__What needs to be done__: Repeat everything in the data exactly except images.

__Provided material__:
-- -- --

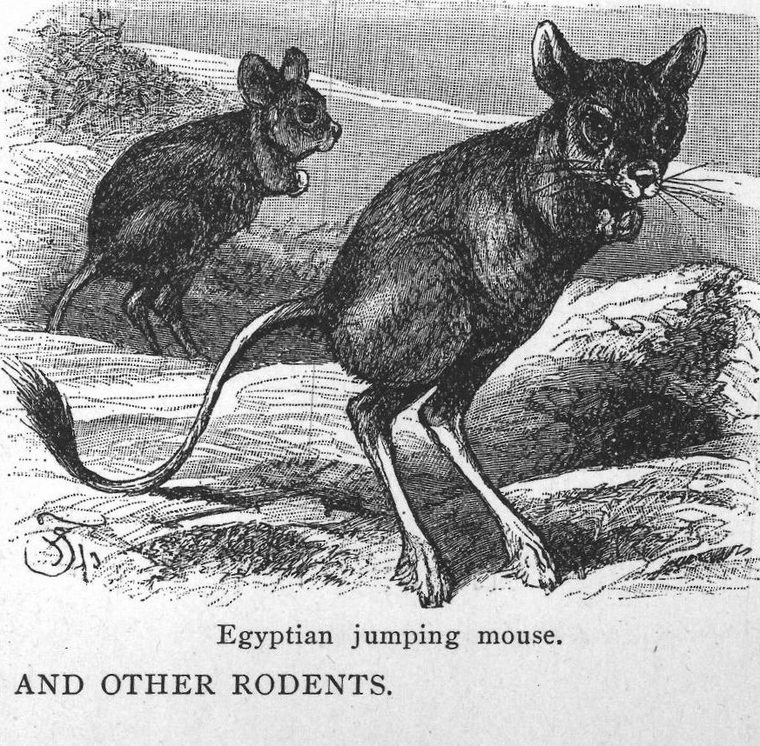 Egyptian jumping mouse. Rat and other rodents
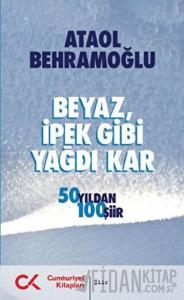 Beyaz İpek Gibi Yağdı Kar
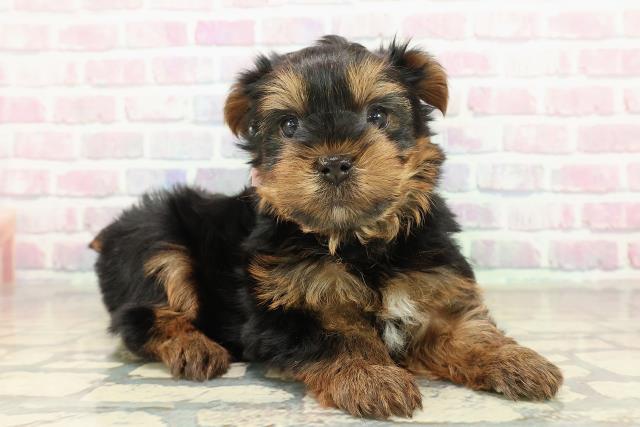 青森県のヨークシャーテリア (Coo&RIKU青森店/2025年10月26日生まれ/女の子/スチールブルータン)の子犬の3枚目の画像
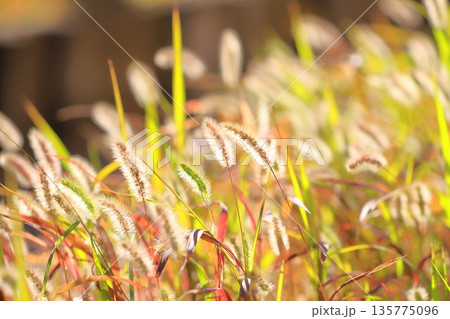 黄金色に光る秋の草紅葉（エノコログサ） 135775096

-- -- --

__Solved problem__:
 Egyptian jumping mouse. Rat and other rodents
 Beyaz İpek Gibi Yağdı Kar
 青森県のヨークシャーテリア (Coo&RIKU青森店/2025年10月26日生まれ/女の子/スチールブルータン)の子犬の3枚目の画像
 黄金色に光る秋の草紅葉（エノコログサ） 135775096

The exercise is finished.